> _Exercise_:
In the listing that follows, locate the line containing "Service call check" and the line containing "full back tattoo". Retype exactly those two lines and every line between them, and nothing more.

> _Data records_:
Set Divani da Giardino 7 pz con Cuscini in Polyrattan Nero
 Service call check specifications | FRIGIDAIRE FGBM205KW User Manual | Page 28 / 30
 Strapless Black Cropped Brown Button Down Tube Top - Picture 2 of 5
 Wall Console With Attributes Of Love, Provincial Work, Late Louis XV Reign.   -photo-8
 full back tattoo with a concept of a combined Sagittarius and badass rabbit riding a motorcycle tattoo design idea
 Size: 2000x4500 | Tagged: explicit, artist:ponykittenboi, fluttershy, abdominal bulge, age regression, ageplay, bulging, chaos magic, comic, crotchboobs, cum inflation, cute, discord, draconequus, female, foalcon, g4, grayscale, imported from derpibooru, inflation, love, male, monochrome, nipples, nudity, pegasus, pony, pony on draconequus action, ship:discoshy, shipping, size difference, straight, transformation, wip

> _Response_:
 Service call check specifications | FRIGIDAIRE FGBM205KW User Manual | Page 28 / 30
 Strapless Black Cropped Brown Button Down Tube Top - Picture 2 of 5
 Wall Console With Attributes Of Love, Provincial Work, Late Louis XV Reign.   -photo-8
 full back tattoo with a concept of a combined Sagittarius and badass rabbit riding a motorcycle tattoo design idea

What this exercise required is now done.